Uma entrevista de emprego deve cumprir o único propósito de selecionar os candidatos mais aptos a ocupar o cargo oferecido pela empresa. Por isso, é preciso cuidado na realização da entrevista e das perguntas, para que o candidato não se sinta desconfortável e para que a proposta seja cumprida.

Não são permitidas perguntas íntimas ou pessoais, como as relacionadas a convicção religiosa, orientação sexual, posicionamento político ou de natureza familiar, se o candidato ou candidata é casado, possui interesse em se casar, se tem filho ou pretende ter.

Principalmente no caso das mulheres é muito comum que o entrevistador faça perguntas com relação a casamento e filhos, mas essa conduta é evidentemente discriminatória. A mulher entrevistada tem o direito de se recusar a responder e é possível reivindicar danos morais pelo constrangimento e discriminação de gênero.

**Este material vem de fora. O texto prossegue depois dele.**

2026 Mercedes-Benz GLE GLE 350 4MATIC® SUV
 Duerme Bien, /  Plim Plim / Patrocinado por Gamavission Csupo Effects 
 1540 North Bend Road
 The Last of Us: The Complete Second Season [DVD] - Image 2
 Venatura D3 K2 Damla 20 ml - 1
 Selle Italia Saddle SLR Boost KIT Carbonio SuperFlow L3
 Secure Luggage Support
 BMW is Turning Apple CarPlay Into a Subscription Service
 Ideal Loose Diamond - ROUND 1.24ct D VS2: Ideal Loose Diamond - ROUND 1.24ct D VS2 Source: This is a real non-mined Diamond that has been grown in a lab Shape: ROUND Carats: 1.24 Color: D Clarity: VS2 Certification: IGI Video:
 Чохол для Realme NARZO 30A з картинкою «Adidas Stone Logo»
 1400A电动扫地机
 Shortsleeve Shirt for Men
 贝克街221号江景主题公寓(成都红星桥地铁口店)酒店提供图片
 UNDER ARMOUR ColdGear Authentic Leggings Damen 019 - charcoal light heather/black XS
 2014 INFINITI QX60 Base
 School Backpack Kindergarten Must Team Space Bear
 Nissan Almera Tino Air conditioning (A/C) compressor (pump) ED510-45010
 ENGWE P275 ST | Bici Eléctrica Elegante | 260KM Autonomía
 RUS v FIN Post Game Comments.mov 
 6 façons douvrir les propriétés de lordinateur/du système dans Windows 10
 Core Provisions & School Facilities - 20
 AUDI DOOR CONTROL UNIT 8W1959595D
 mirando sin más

Além disso, não são permitidas perguntas de cunho político, como o partido com o qual o entrevistado se identifica, o por que, qual a sua visão sobre o governo brasileiro atual e o anterior. Todas essas são perguntas extremamente íntimas e irrelevantes para um ambiente de trabalho, a não ser que a vaga oferecida seja para efetivamente trabalhar em um partido político, caso contrário não há motivo para perguntas de teor político, são consideradas discriminatórias.

Por fim, mas não menos importante, não pode ser perguntado ao candidato se ele já ajuizou ação trabalhista, o acesso à justiça é um direito de todos assegurado na Constituição Federal, e uso desse direito não pode ser utilizado como parâmetro de desclassificação de um candidato.

Em resumo, é normal que o entrevistador busque fazer algumas perguntas que não estejam diretamente relacionadas ao trabalho, com o objetivo de descontração ou conhecer melhor o perfil do entrevistado. No entanto, as perguntas não podem gerar qualquer tipo de constrangimento ao candidato, invadir a sua intimidade ou ser capaz de gerar uma conduta discriminatória.

O entrevistado, necessitando do trabalho oferecido e da renda para seu sustento, pode se ver coagido a responder perguntas que não se sente confortável, mas não é obrigado, podendo inclusive ajuizar ação de indenização por danos morais caso se sinta desconfortável ou discriminado durante a entrevista.

Já o empregador, precisa ter cuidado na realização das entrevistas de emprego, saber quem realizará a entrevista, quais perguntas serão feitas, e, se possível, consultar um advogado trabalhista para uma assessoria jurídica específica.